The MYEFO has reduced the surplus to a little over $5 billion whereas many commentators and big bankers, as reported in the media, believe the budget may well be in deficit now. Considering the smoke and mirrors in the budget and in the MYEFO, it is fairly hard to disagree. The budget in May for the first time included second round effects, adding an extra $2 billion of income as a second round effect of income due to immigration. If that immigration does not come off, the second round of income will not either. The tax on alcopops will not deliver the targets as, clearly, young people are changing to harder spirits.
The capital gains receipts and company tax receipts will be substantially less. This is backed up by the most recent National Australia Bank index of business confidence, which shows that confidence has hit a new low of negative 29 after a record fall of 21 points in October. The monthly survey has found trading conditions and profits were down in the month and employers are laying off staff. NAB’s chief economist, Alan Oster, says that forward orders are at 1991 levels—and 1991, as we all know, was that great Labor recession that the member for Solomon knows was the recession ‘we had to have’. NAB’s chief economist went on to say:
Forward orders has a long history of being a really good indicator of where we’re going forward and they were at levels that were really surprising …
He says the survey’s readings point to more sharp slowing in the economy.
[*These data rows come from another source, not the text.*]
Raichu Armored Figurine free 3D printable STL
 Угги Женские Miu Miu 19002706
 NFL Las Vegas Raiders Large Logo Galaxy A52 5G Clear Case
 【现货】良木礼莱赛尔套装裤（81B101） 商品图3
He said:
The mind set very much is they’re scared there’s a recession and when they look at their forward orders they see very sharp deteriorations and that makes them feel even more nervous.
The MYEFO also for the first time changed the way that growth is calculated. As the Secretary of the Treasury said an hour and a half ago at the Press Club, for the first time in living memory they changed the way they take into account potential interest rate cuts. The MYEFO states on page 29:
Interest rates are expected to decline broadly in line with market expectations. This is a departure from the usual assumption of unchanged interest rates …
So this led to the government showing a growth forecast of two per cent, yet the Reserve Bank is saying 1.5 per cent. And the National Australia Bank has not changed its economic forecasts and is still predicting the economy to expand by only 1.25 per cent next year. Furthermore, the Treasurer told Sky News:
There is a difference in terms of the Reserve Bank and the Treasury forecasts because the Treasury forecast does take into account the loosening of monetary policy.
The Rudd Labor government has got to level with the Australian people. It has to stop changing the boundaries and the smoke and mirrors of budgets and MYEFO forecasts. It has to level with the Australian people with its assumptions, with its modelling and with how it is basing its figures. The Australian people deserve to know exactly how the government is reaching and arriving at its decisions, and they deserve to know the direction this government is taking rather than knee-jerk decisions being made on the spur of the moment.